OS自作入門
- 作者: 川合秀実
- 出版社/メーカー: 毎日コミュニケーションズ
- 発売日: 2006/03/01
- メディア: 単行本
- 購入: 36人 クリック: 735回
- この商品を含むブログ (299件) を見る
本書は実際にソースコードと解説があり、エミュレーターで動作確認も出来るため、うちの業界の本にしては非常に具体的だと思います。ただし、私自身はアセンブラとかOS概論的なものが頼りないレベルなので、近所の図書館においてある範囲で参考になりそうな本も読んでみました。今回はそちらの読書記録です。

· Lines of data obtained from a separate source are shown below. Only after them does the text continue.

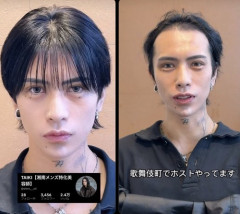 【悲報】歌舞伎町のホスト、整形の副作用でとんでもないことになるｗｗｗｗｗ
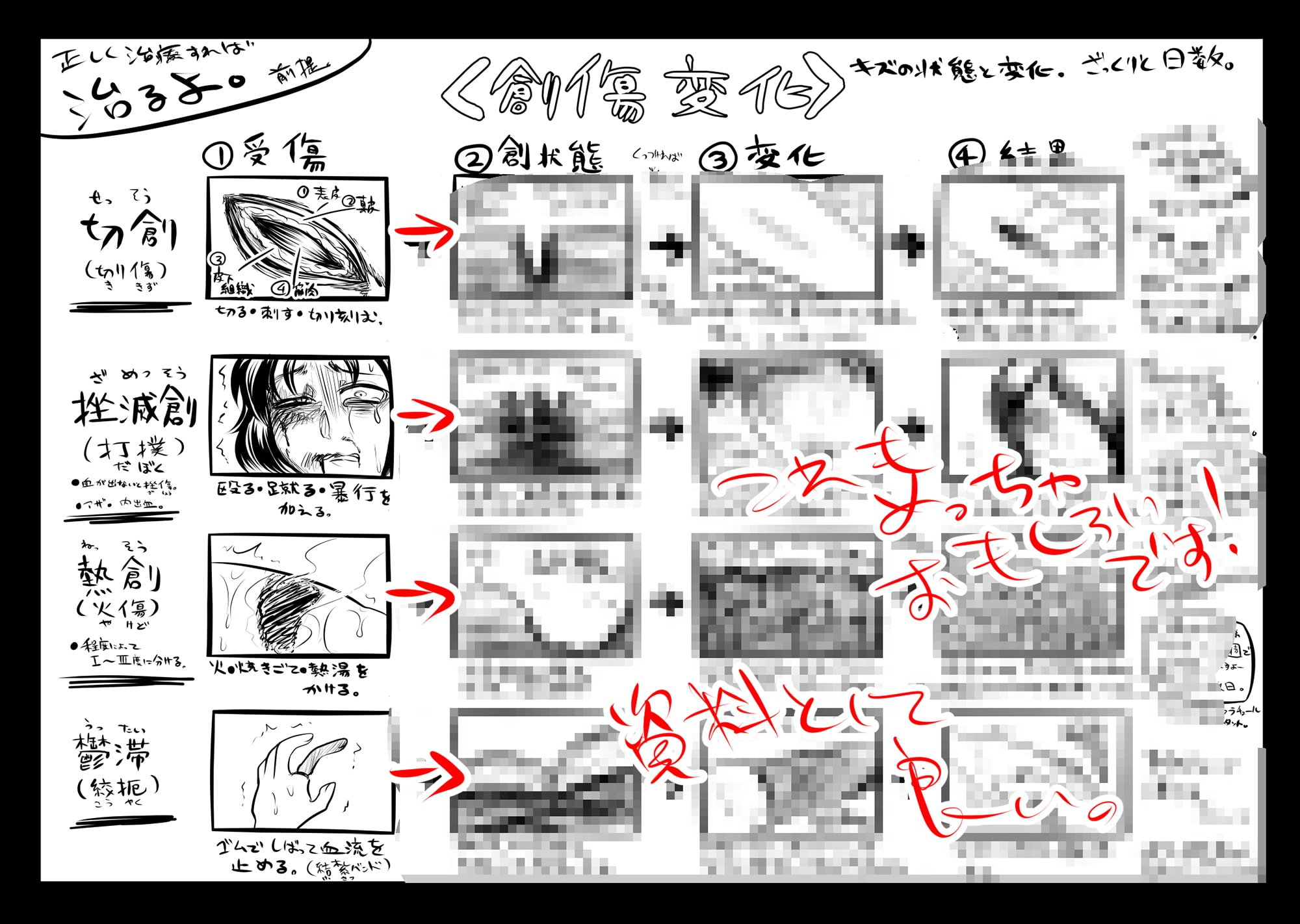 リョナラーの為の解剖生理!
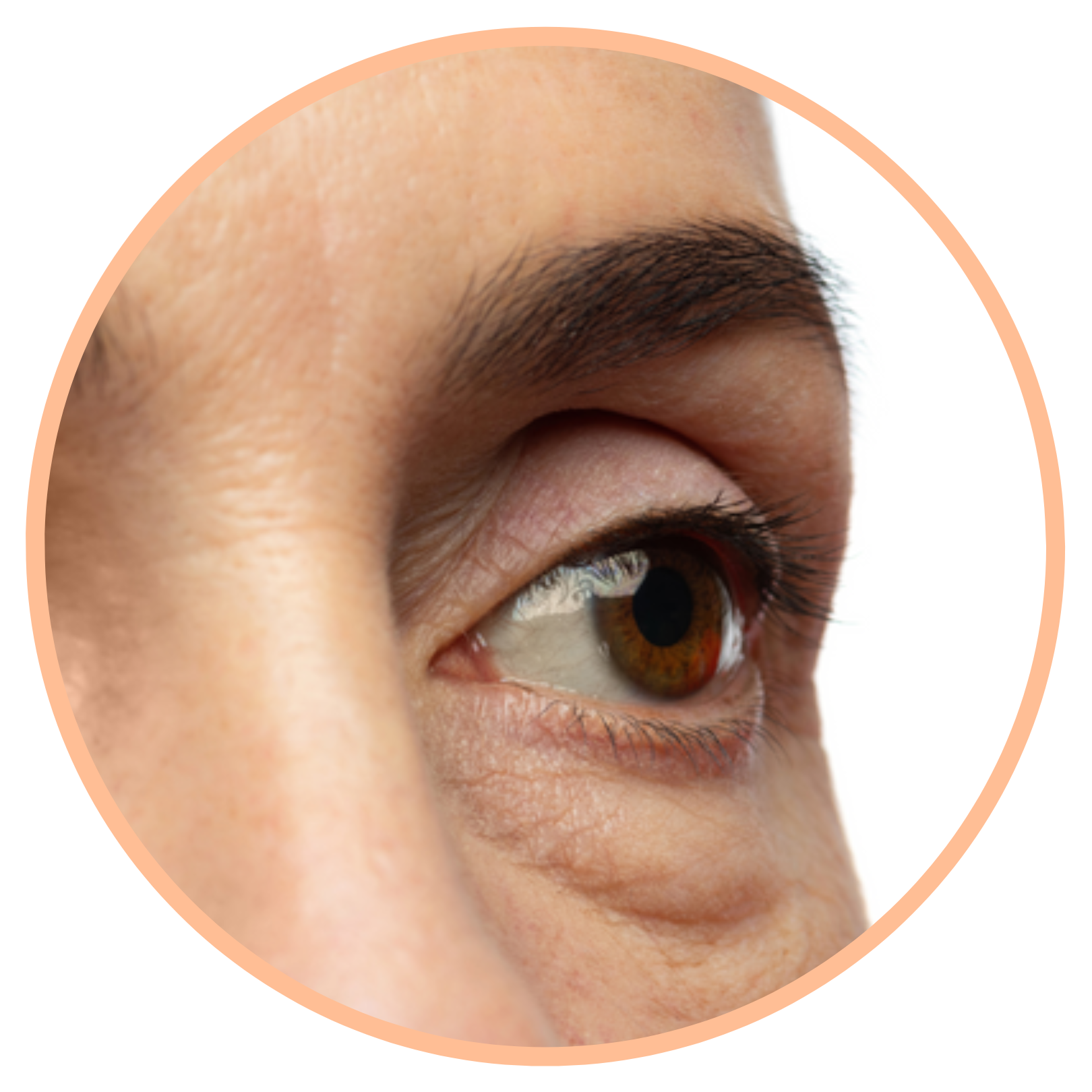 Under-Eye Rejuvenation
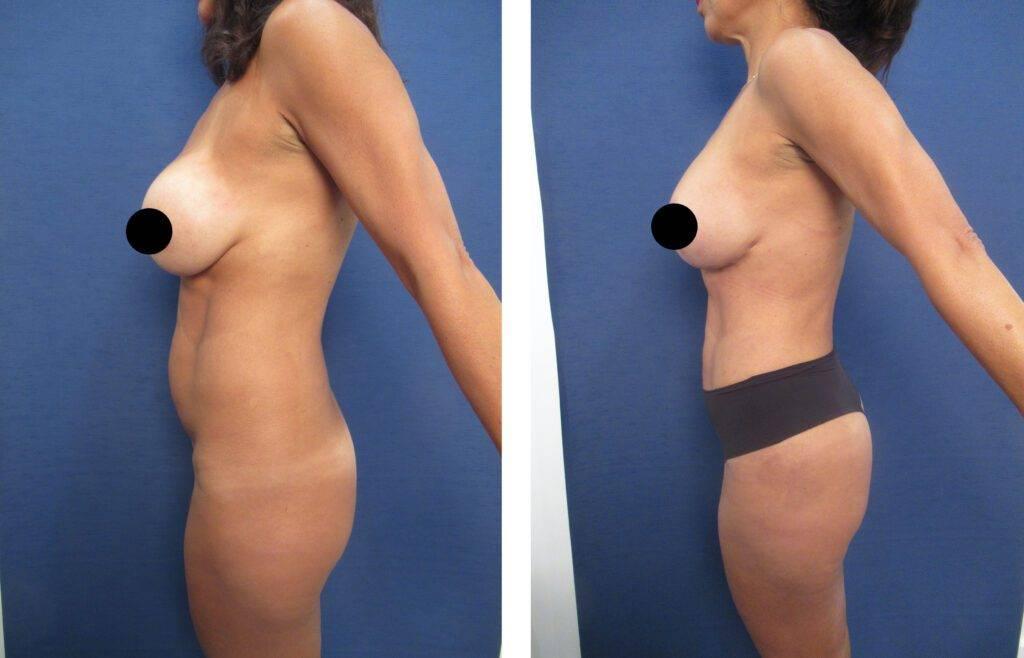 Discover the amazing transformation of a tummy tuck before and after the procedure, including insights on whether a mini tummy tuck can lower the belly button.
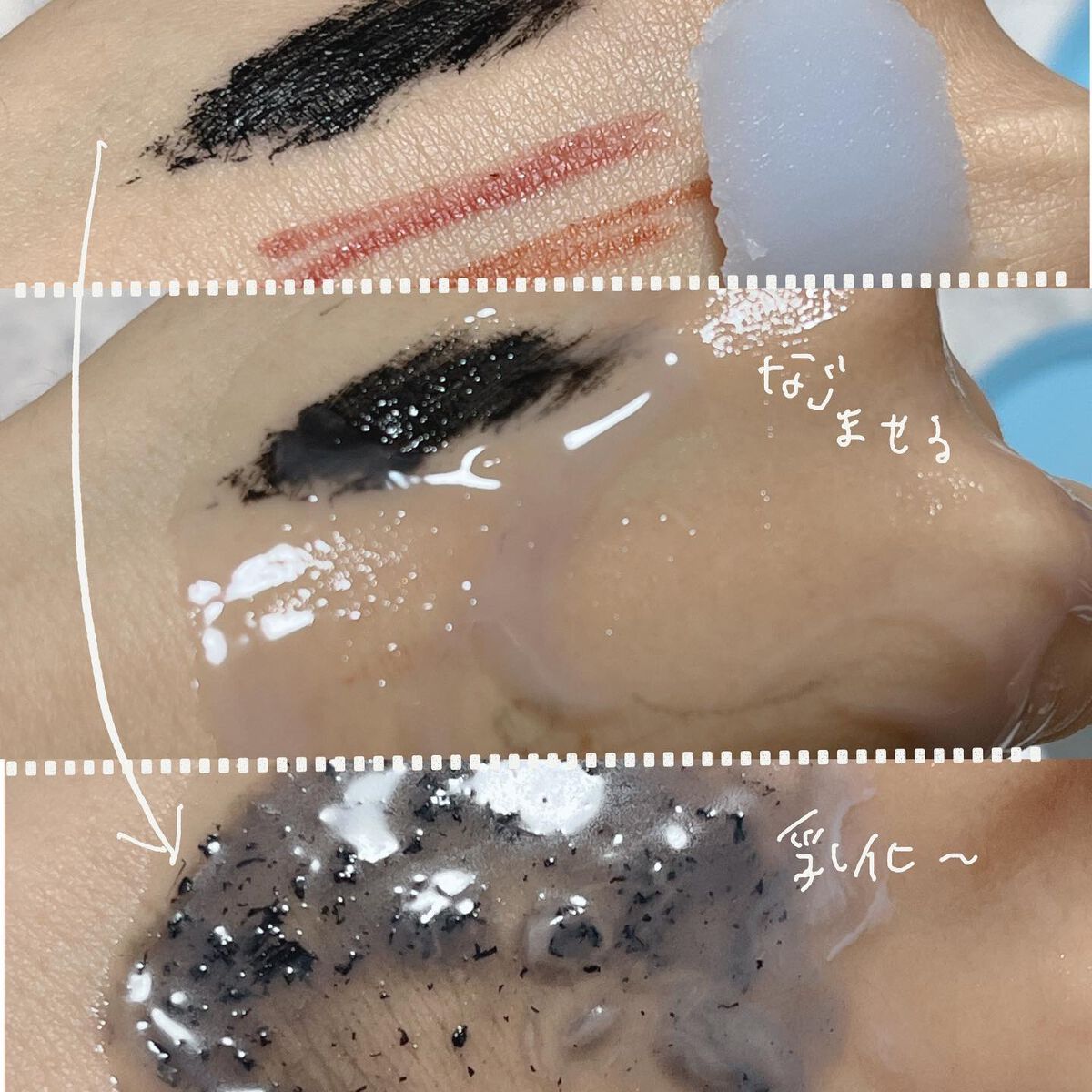 夢みるバーム アクネクリアモイスチャー/ロゼット/クレンジングバームを使ったクチコミ(6枚目)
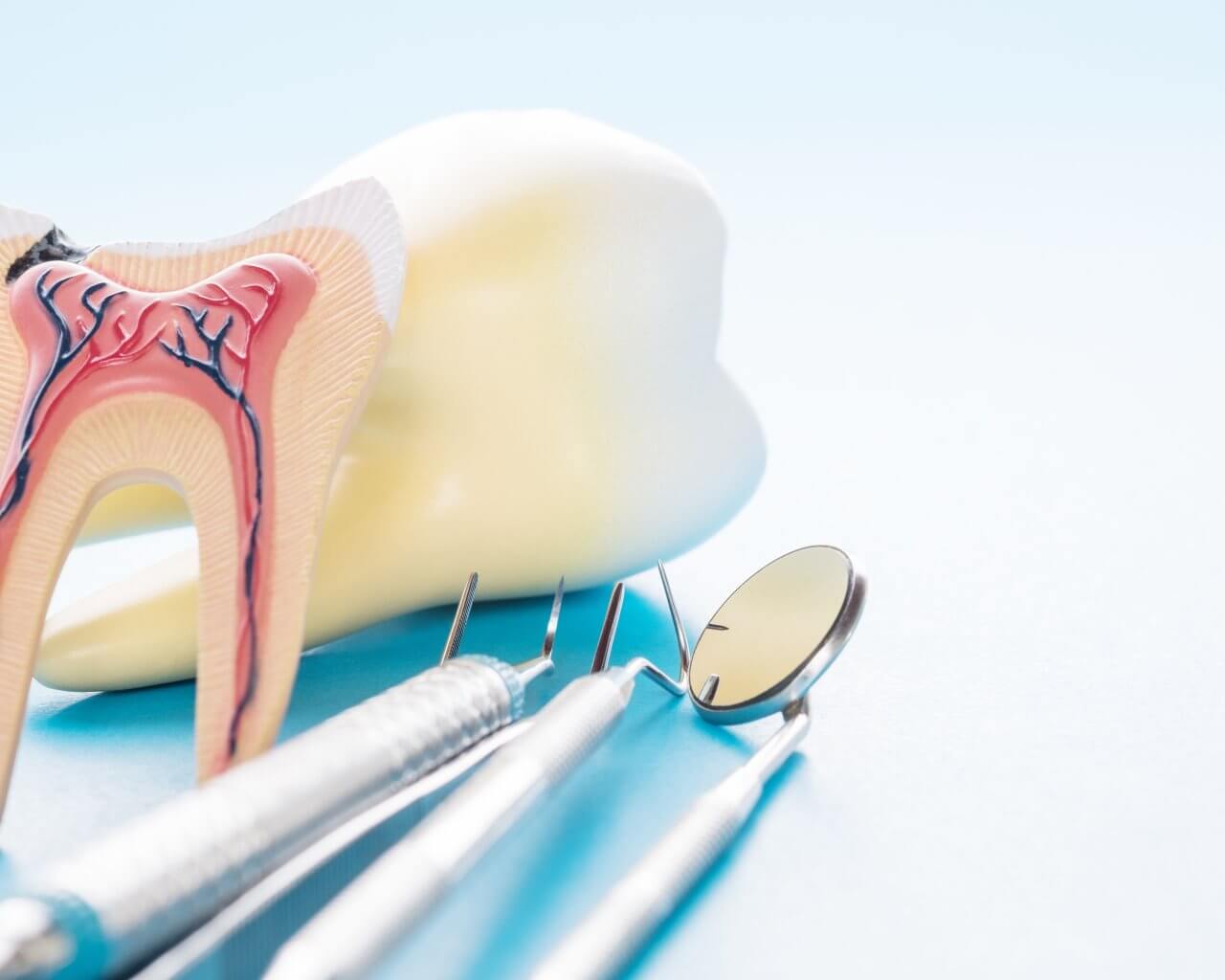 Лечение и удаление кисты на корне зуба в Стоматологии Бюро 32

エミュレータのしくみ http://www.kohgakusha.co.jp/books/detail/978-4-7775-1100-6
エミュレータのしくみについて解説している、おそらく珍しい本です。パソコン上で動くファミコンのエミュレーターなどのようにハードウェアエミュレーションに関する解説書であるため、CPUやメモリ、グラフィックス、サウンドなどをエミュレーションするための考え方が記述されています。
エミュレーションするための考え方を説明する上で、それらのハードウェアに関する解説があるため、結構参考になりました。ただ、解説しようとする内容に対して紙面が少なかった印象があります。部分的に解説がなかったり、浅めのところもあったのが残念でした。概念レベルで押さえるには十分な内容ではありましたが。
ゲーム機のエミュレーションにおいては実機が並列で処理するものをエミュレーターの場合は時分割で処理するため、タイミングの同期が困難である点や、サウンドに関してはハードレベルで音源が異なることや、変換するコストを考慮して、エミュレーターごとに異なるというのは面白いと思いました。
機械のコトバ http://www.algolab.co.jp/~lum/pcnyumon/index.html
機械、つまりコンピュータの仕組みについて解説している本です。タイトルにもあるようにコトバつまり機械語について解説しているにも関わらず、語り口が軽い感じの珍しい本でした。実際に機械語→疑似アセンブラ→Pascalで迷路のプログラムとかを解説しているため具体的です。また、その中で機械語から低級言語、高級言語に発展していった歴史や背景を記述しており、私としてはその辺りが特に楽しめました。
アセンブラでの開発経験がない人で、本書の内容を全てさらりと読み込める人は、まぁ天才というか、ちょっとおかしいかと思います。ちなみにアセンブラでの開発経験がない私は、細かい部分は斜め読みで、概念的なとこだけ読むようにしました。そういう感じで読めばうちの業界の初心者にとっても良書だと思います。
あと、本書に登場する疑似アセンブラのエミュレータを筆者のサイトでサンプルコードつきで公開しているので、実機で試せるのは嬉しいかもしれません。
オペレーティングシステム http://www.morikita.co.jp/shoshi/ISBN978-4-627-81011-2.html
名古屋工業大学のテキストのようです。この手の硬い感じの本はまず買わないため、久々に堅苦しい感じの文章を読みました。細かい計算式のところとかは読み飛ばしましたが、こういう学術的な本の価値も再認識した気がします。排他制御の考え方とか、ページングやスワップの詳細な仕組みは実務でも参考になると思います。また、LRUのアルゴリズムなどはOracleとかを使っていれば出てくる用語ですが、そもそもOSレベルで出てくる基本的な用語であるというのはショックを受けました。
私自身は初等教育学科の出で、情報工学そのものは大学で学んでいないため、社会人になってから勉強しています。うちの業界の本ならば今までに100冊以上読んでいると思いますし、企業向けのWebアプリケーションの開発標準とかフレームワーク開発をやったりしています。けれども、情報工学そのものについて体系的に学んでいる範囲が根本的に足りていないのではないのかなぁと思ってしまいました。まぁ、実務でプログラムが書けるということと情報工学を修めていることの相関関係はそれほどないと思いますが。ただ、自分の幅という観点で、今後も学んでいく必要を感じました。